Today I gave $2 for bus fare to a man in our Community who is currently harming others and causing a lot of fear in our homeless camp. I didn’t want to. I feel mad at him right now for being mean to my other friends. But it’s hot . . . and he had to get to a probation meeting seven miles away . . . and because love is kind . . . I gave him $2. Sigh. Several in our Community noticed and wondered why. We had another talk about loving people who don’t deserve it. And we agreed together that I had done the right thing.

Yet, to be honest with you, loving ex-cons who have murdered, raped and stolen is not so hard for me. Loving people who steal from me is not that hard either. But loving people whose ideology is different from mine, especially those who have “ghosted” me for not believing the way they do, is incredibly difficult. And honesty, much of the time, I don’t do it well.

But we are committed to the Better Way. The Jesus Way of life. The Way of Love.

A month ago, I decided to try out an idea. I put a stamp of a heart under my left eye, where gang members place their teardrop tattoo. I wondered what the folks at Joe’s would think. The first day I wore it, a young man who rarely attends church at Joe’s, runs drugs for a gang and is regularly caught up in violence noticed and asked me what it was about. I asked him what he thought. He said, “Well, usually people put a teardrop there, and that means you’ve killed someone . . . but yours is a heart . . . a heart means love, so yours means love not killing? . . . love for people instead of killing them? . . .  like loving your enemy?” Exactly. 

I’ve had the same conversation numerous times in the last month. So this week I announced that I decided to get it permanently tattooed. One of the guys said, “Really?” I told him, “Yep. I’m ready to make a permanent statement that I am going to love my enemies.” He smiled and said, “Then I’m gonna do it too.” Another one stood up and chimed in, “You’re our O.G., if you do it, I’ll do it.” Another stood. You could feel the excitement, the energy rising in the room. He said, “I want one too.” The first one then said, “We’re gonna make a new gang: the Love Gang!”  

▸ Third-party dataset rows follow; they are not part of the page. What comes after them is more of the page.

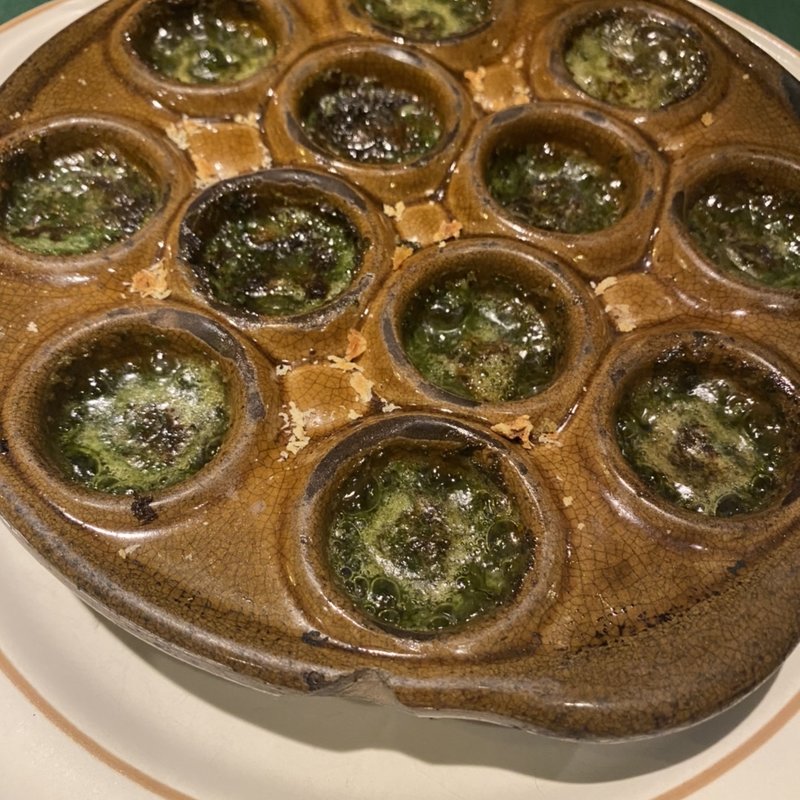 エスカルゴの森林風味(ロシヤ料理 ラルース)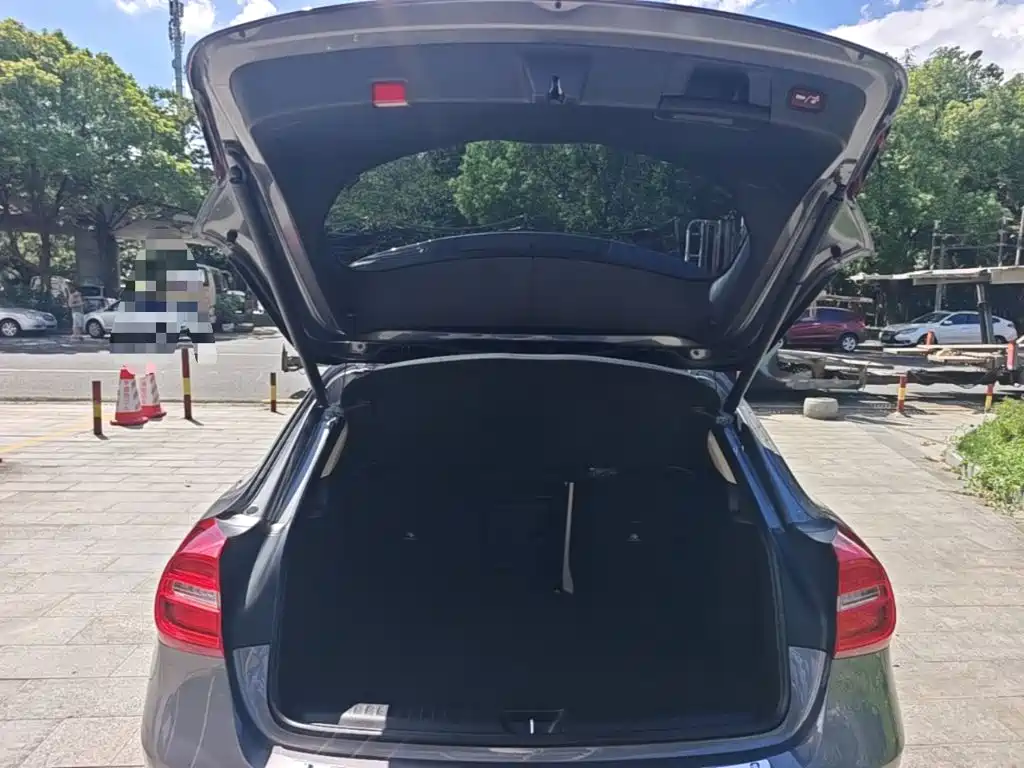 Mercedes-Benz GLA — миниатюра 19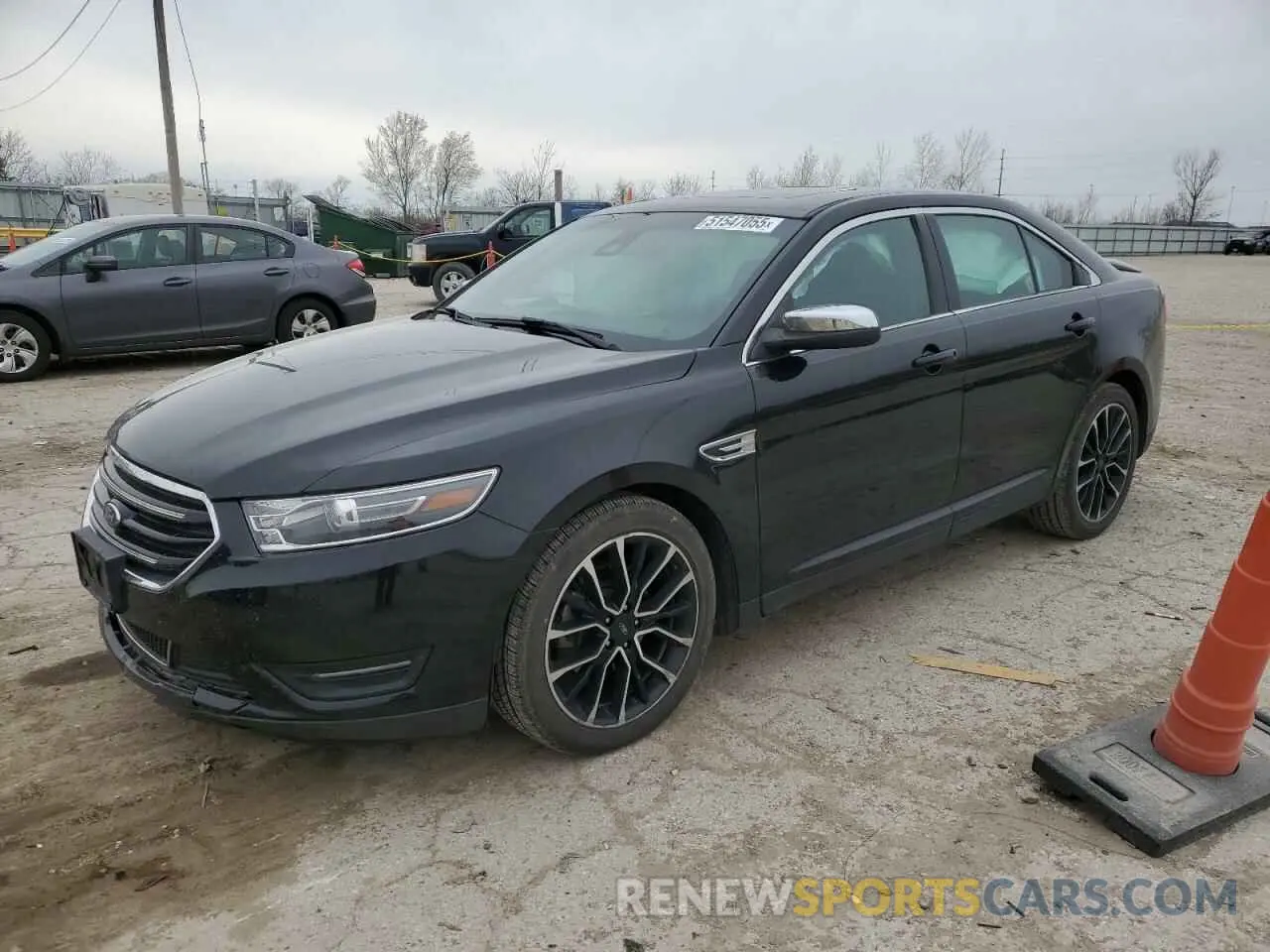 1 Photograph of a damaged car 1FAHP2J86KG116835 FORD TAURUS 2019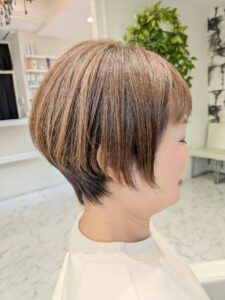 ハイライトを入れなくても動きのあるヘナカラー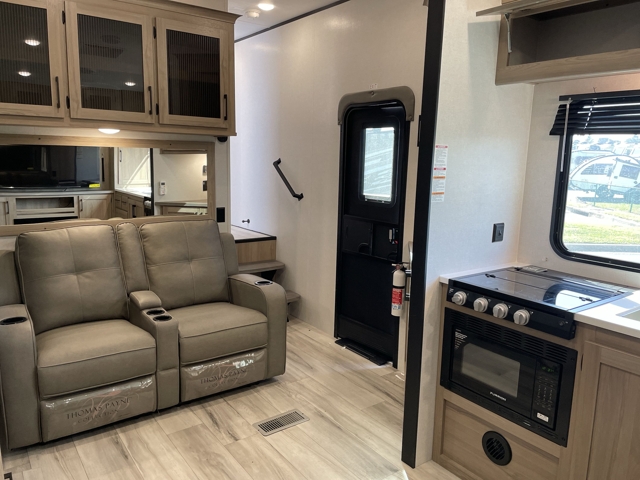 2026 Keystone Coleman Legacy 2400REX — photo 4 of 8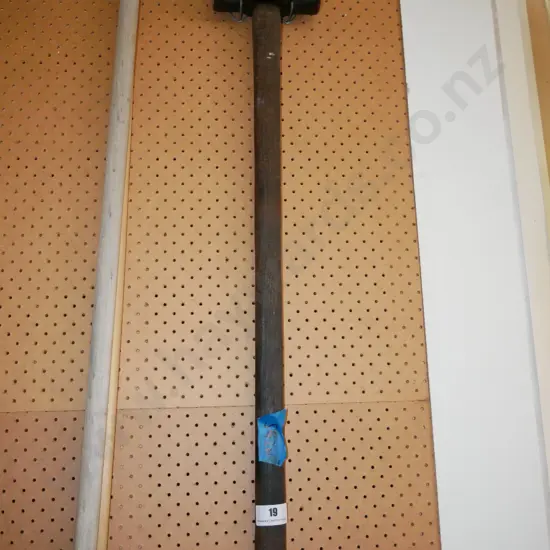 sledge hammer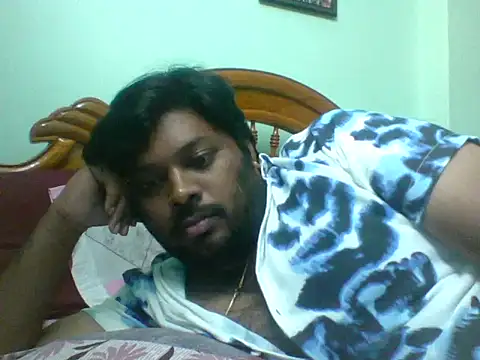 Snapshot of sunkara1 chatting on 12, 11, 2025 sunkara1 online show from 12, 11, 2025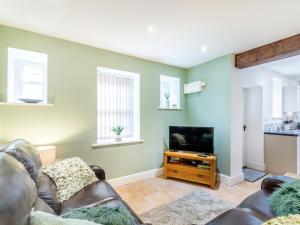 Riding Cottage - Uk37449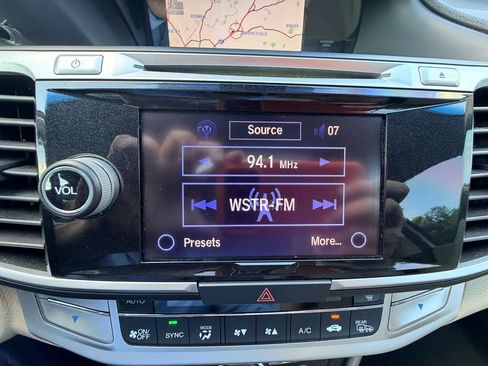 Used 2013 Honda Accord Touring image 23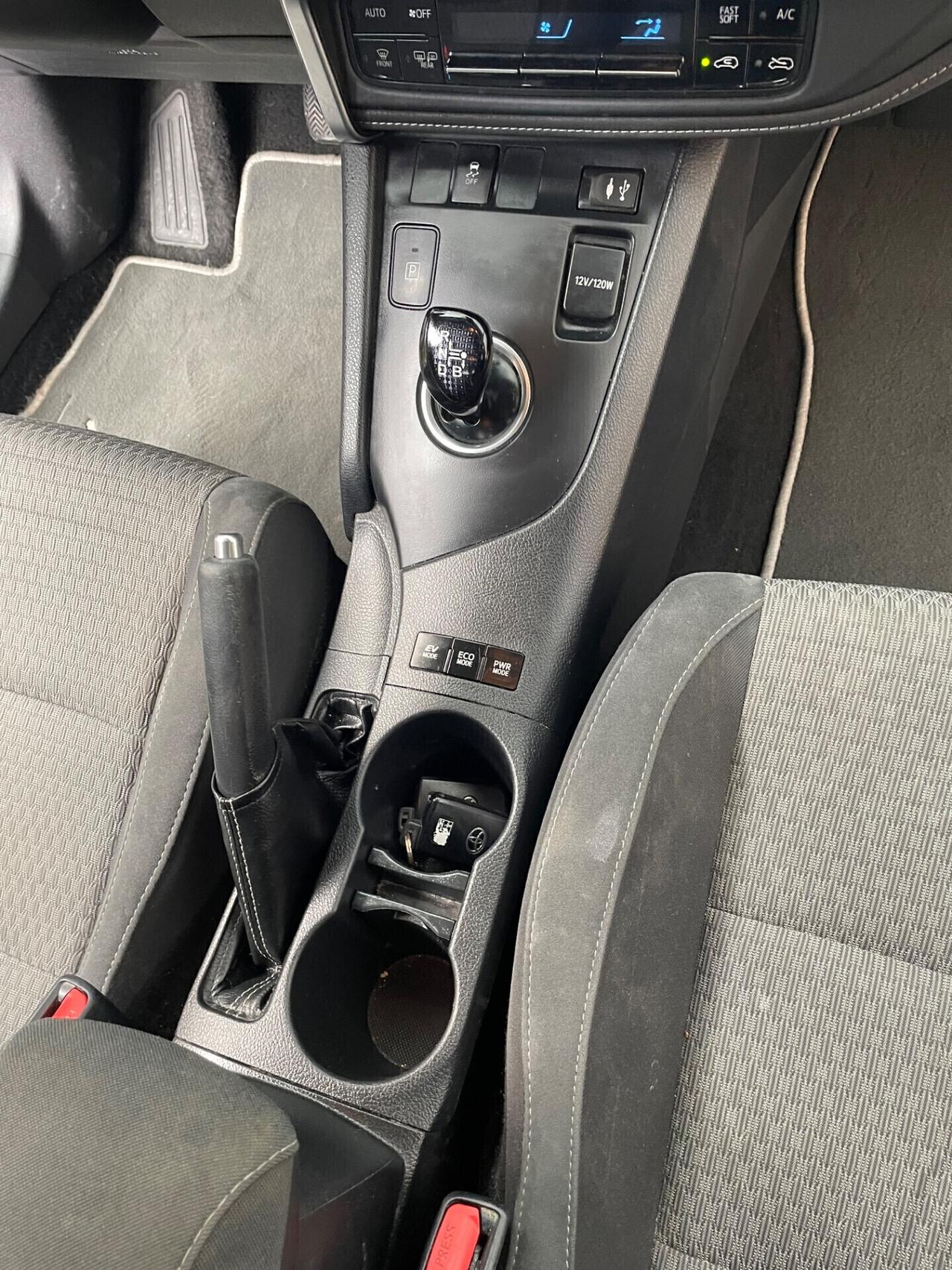 Toyota Auris 1.8 Hybrid*Neopatentati*Solo 105000km*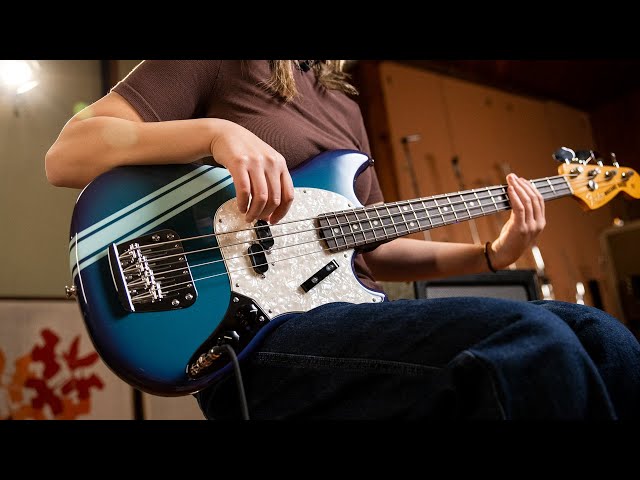 Fender Vintera II '70s Mustang Competition Bass | Demo and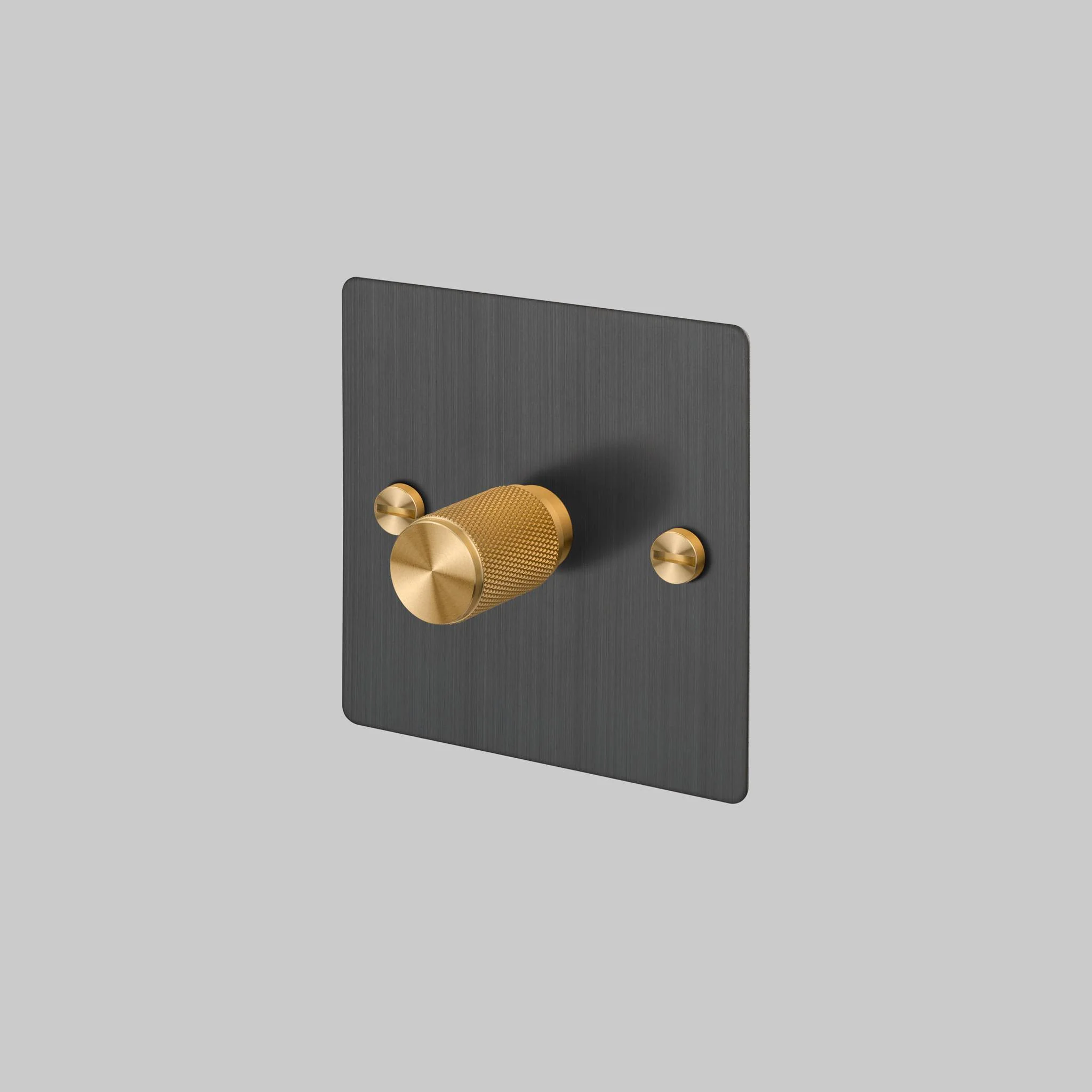 1G DIMMER / 120W / CROSS / RØYKBRONSERT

A tattoo on my face pretty much seals the deal on my departure from my fundamentalist, religious upbringing. Perhaps it is a “leave and cleave” kind of thing for me. This heart also symbolizes my standing in solidarity with my Community at Joe’s Addiction. For eleven years, these precious people have welcomed me into their world, into their neighborhood, into their homes, into their lives. They have become my family. My best, most loyal and supportive friends. I have experienced more love, more forgiveness and more tolerance for my character flaws in this Community than anywhere else in my life. I am humbled and so grateful. So this tattoo on my face is my way of saying I’m all in, no reservations, no turning back. What started as “me” for “them,” really has become “we.” 

So . . . I guess I should say, we did a thing.”